What you should do
While copying the entries exactly, leave out each picture they contain.

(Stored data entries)
##############################
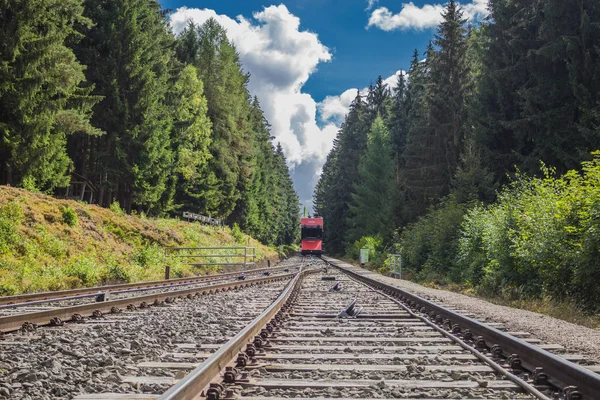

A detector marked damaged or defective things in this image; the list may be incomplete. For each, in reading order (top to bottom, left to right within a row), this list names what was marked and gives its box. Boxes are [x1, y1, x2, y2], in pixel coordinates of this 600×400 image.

rusty rail surface [0, 262, 284, 306]
rusty rail surface [0, 272, 292, 334]
rusty rail surface [159, 268, 310, 400]
rusty rail surface [326, 256, 600, 400]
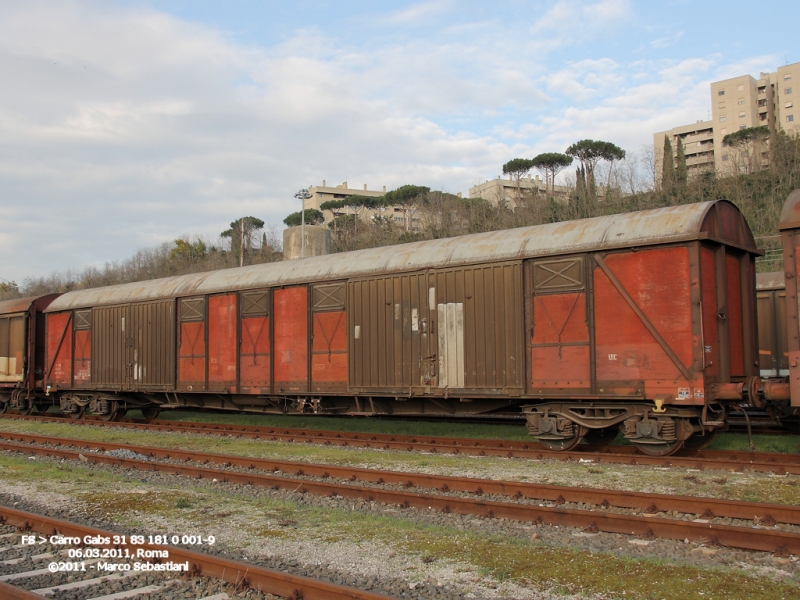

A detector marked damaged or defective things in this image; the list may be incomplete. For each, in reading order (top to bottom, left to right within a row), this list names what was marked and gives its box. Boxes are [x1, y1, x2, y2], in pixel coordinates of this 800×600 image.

rusty rail [1, 412, 800, 474]
rusty rail [1, 432, 800, 524]
rusty rail [1, 434, 800, 552]
rusty rail [0, 506, 396, 600]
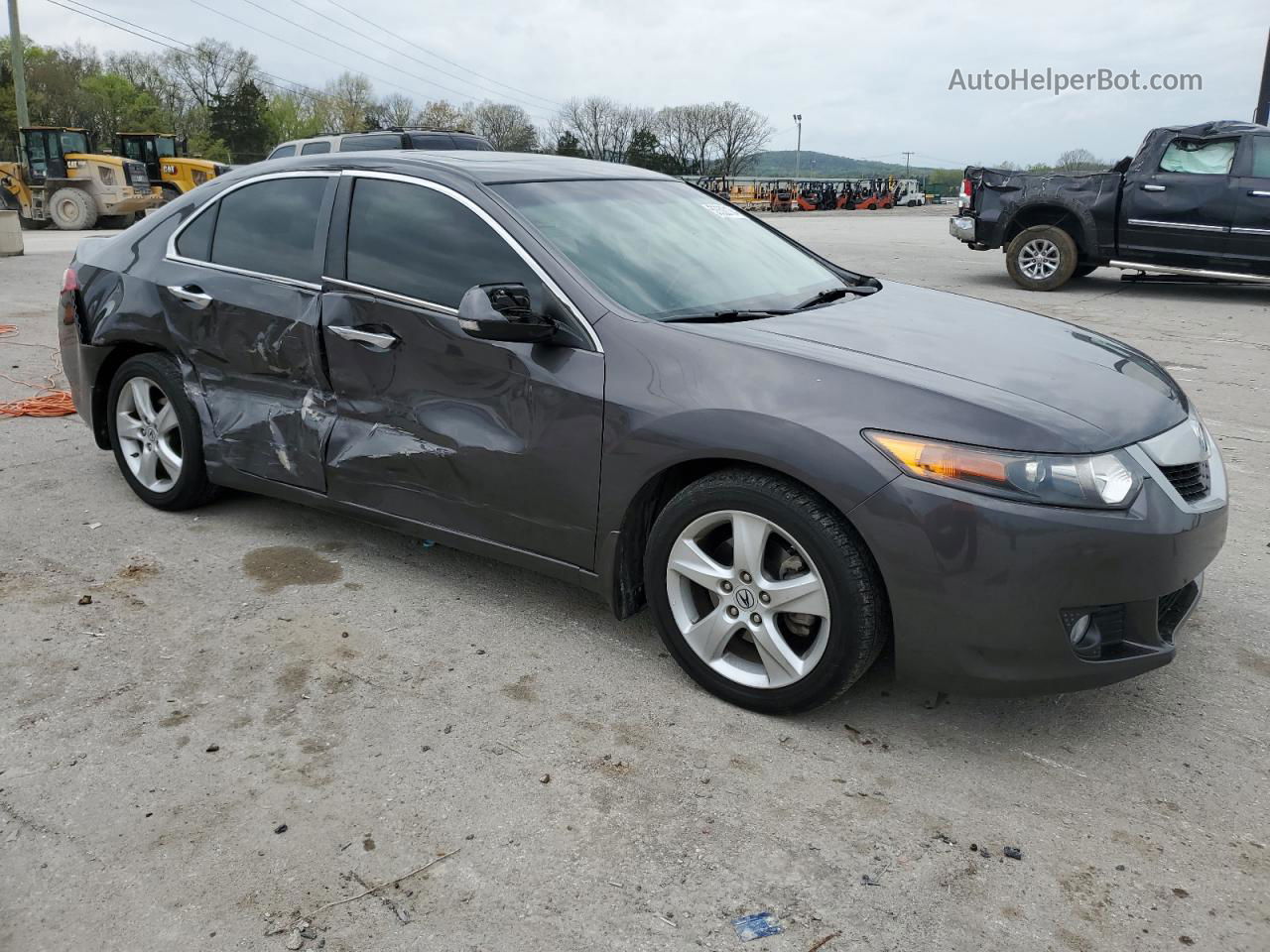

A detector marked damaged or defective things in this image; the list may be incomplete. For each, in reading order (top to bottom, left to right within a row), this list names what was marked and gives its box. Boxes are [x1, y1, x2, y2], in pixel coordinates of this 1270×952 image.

damaged rear door [164, 174, 337, 492]
damaged rear door [319, 174, 601, 565]
dented front door [319, 291, 601, 571]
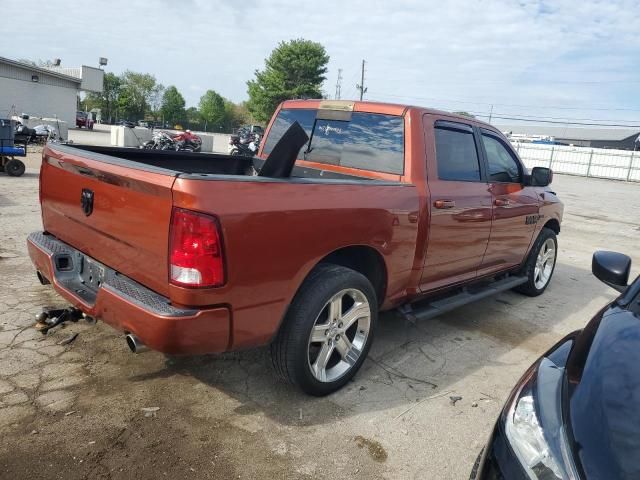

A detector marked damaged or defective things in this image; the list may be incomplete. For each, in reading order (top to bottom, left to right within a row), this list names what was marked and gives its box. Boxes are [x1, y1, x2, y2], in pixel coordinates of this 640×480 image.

cracked asphalt [1, 149, 640, 476]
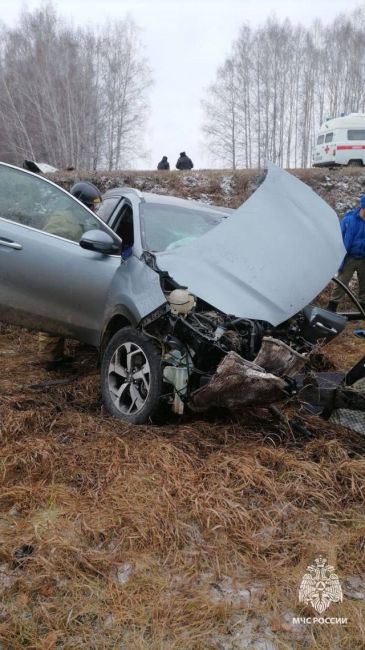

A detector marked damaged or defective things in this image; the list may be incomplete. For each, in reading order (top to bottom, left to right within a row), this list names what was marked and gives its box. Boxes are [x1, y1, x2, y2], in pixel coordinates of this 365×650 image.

broken windshield [139, 204, 223, 252]
severely damaged car [0, 161, 362, 426]
crumpled hood [155, 162, 346, 324]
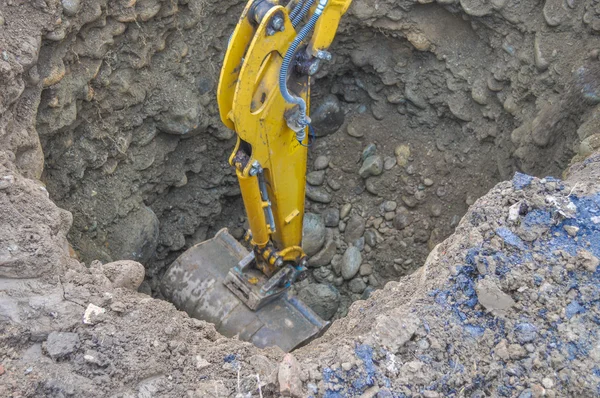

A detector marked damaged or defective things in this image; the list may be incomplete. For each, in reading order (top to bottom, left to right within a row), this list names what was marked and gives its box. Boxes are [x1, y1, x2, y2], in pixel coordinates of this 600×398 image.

rusty metal surface [159, 230, 328, 352]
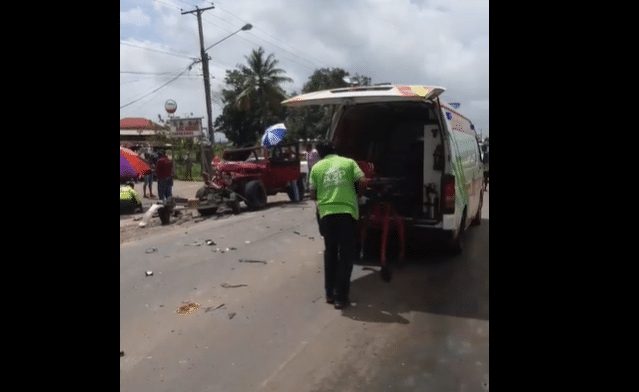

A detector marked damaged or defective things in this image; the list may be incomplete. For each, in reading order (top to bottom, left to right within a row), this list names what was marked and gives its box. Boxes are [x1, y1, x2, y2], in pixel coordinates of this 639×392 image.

wrecked red vehicle [195, 143, 304, 213]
##############################
Response area
A detector marked damaged or defective things in this image; the list may be incomplete. For each, in reading order (top to bottom, left to right within a row), this list names what was marked and gives its box. Boxes are [x1, y1, x2, y2], in pixel coordinates of this 600×400 image.

rusty rail surface [0, 262, 284, 306]
rusty rail surface [0, 272, 292, 334]
rusty rail surface [159, 268, 310, 400]
rusty rail surface [326, 256, 600, 400]

A detector marked damaged or defective things in this image; the list may be incomplete. For each, in reading order (top to bottom, left to right within a row), this list names what was marked and gives its box. Boxes are [x1, y1, x2, y2], in pixel coordinates of this 800×600 image.

rusty rail [1, 412, 800, 474]
rusty rail [1, 432, 800, 524]
rusty rail [1, 434, 800, 552]
rusty rail [0, 506, 396, 600]

A detector marked damaged or defective things in this image; the list may be incomplete. For each, in reading order (top to bottom, left to right within a row), this list names what was marked and gives its box. Boxes are [x1, y1, x2, y2], in pixel coordinates of this 1270×952 image.

damaged rear door [164, 174, 337, 492]
damaged rear door [319, 174, 601, 565]
dented front door [319, 291, 601, 571]

A detector marked damaged or defective things in this image; the list may be incomplete. For each, in reading order (top to bottom, left to right within a row), this list names what was marked and gives its box. Boxes are [x1, y1, x2, y2], in pixel coordinates of this 640×480 image.

cracked asphalt [1, 149, 640, 476]

A detector marked damaged or defective things in this image; the list may be incomplete. For each, in reading order (top to bottom, left to right within a row), this list names what was marked and gives its box. Boxes are [x1, y1, x2, y2], in pixel coordinates of this 365×650 image.

broken windshield [139, 204, 223, 252]
severely damaged car [0, 161, 362, 426]
crumpled hood [155, 162, 346, 324]

A detector marked damaged or defective things in this image; the list may be incomplete. For each, in reading order (top to bottom, left to right within a row), this list names what was marked and gives its box. Boxes are [x1, y1, x2, y2], in pixel coordinates of this 600×398 image.

rusty metal surface [159, 230, 328, 352]

A detector marked damaged or defective things in this image; the list may be incomplete. For each, in reading order (top to bottom, left to right within a row), this list names what was marked and gives its box. Boxes are [x1, y1, x2, y2], in pixel coordinates of this 639×392 image.

wrecked red vehicle [195, 143, 304, 213]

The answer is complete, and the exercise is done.